Powerful, trenchant words. Perhaps for some these opening words are spoken with a somewhat plaintive voice… softly, hopefully… “Stir up your power, O Lord”. Spoken with a spirit that is weakened and enfeebled, spoken with a spirit that is discouraged and downcast but, nevertheless, not a spirit alone and isolated. Or, maybe, perhaps for some these opening words are spoken with a strong and expectant voice, requiring of the Lord what is His responsibility… boldly, confidently… “Stir up your power, O Lord”. With which spirit, in which spirit, do you offer these words today… privately, quietly, confidentially?
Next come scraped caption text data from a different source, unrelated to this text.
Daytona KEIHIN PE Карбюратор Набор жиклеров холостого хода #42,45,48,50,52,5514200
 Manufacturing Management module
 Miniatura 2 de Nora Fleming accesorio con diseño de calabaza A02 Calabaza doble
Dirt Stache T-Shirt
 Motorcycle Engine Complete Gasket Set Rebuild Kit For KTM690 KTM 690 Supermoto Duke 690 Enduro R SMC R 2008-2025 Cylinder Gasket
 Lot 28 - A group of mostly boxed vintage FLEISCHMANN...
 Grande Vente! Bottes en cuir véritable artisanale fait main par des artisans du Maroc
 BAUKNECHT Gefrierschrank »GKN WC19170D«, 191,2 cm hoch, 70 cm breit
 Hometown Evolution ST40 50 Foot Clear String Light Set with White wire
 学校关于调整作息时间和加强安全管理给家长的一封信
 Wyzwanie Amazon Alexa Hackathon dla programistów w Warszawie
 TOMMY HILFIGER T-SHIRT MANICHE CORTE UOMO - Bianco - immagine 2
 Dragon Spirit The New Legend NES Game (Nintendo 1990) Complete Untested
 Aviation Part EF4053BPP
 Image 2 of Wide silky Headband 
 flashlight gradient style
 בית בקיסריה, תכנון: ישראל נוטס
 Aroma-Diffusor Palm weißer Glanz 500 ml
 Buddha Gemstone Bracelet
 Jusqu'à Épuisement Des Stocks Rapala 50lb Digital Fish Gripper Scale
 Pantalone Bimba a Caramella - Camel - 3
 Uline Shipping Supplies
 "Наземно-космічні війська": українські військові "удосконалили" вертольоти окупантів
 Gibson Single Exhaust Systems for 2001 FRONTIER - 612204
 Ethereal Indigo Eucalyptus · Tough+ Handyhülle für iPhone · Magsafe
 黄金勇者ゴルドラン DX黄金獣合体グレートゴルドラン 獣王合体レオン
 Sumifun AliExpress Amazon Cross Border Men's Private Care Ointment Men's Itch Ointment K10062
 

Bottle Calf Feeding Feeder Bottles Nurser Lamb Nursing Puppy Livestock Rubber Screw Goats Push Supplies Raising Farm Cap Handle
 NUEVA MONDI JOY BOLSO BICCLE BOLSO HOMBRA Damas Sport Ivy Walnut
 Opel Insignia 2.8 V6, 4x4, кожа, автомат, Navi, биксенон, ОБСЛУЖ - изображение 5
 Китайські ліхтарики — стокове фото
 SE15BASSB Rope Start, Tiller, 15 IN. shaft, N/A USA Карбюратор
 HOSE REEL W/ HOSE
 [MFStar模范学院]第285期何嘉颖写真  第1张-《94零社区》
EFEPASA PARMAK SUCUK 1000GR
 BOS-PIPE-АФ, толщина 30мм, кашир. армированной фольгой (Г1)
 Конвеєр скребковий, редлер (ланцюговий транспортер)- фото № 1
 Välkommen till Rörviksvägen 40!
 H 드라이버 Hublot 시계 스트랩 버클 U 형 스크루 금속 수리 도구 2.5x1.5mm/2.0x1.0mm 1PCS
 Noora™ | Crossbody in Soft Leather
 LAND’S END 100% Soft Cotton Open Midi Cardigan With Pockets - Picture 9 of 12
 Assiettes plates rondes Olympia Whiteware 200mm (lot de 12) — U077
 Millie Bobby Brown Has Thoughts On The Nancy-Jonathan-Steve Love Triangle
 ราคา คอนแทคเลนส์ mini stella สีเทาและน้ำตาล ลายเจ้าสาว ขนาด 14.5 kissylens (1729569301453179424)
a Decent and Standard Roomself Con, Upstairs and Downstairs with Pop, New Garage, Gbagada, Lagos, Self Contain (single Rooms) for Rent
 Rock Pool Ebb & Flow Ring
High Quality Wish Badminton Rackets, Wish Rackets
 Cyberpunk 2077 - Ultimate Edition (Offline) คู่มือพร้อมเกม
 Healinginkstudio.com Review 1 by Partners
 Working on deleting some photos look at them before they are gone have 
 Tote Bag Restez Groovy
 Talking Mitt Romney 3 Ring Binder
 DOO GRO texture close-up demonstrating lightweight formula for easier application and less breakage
This third Sunday in Advent (rather like the fourth Sunday in Lent) surprises us liturgically as the solemnity of both seasons are broken into with pink candles and pink roses and, sometimes, even pink chasubles and stoles!!!

These “outlier” Sundays engage us with an element of surprise and call us to pay attention to the depth, breadth, width and height of the Lord’s purposes for each of us. As people of Advent, be attentive and alert but, as people of Lent, be joyful and smile; be penitent and reflective but also be happy and joyous.

This third Sunday in Advent celebrates the presence of the outlier, the stranger, the unusual to be the carrier of the Lord’s message and presence.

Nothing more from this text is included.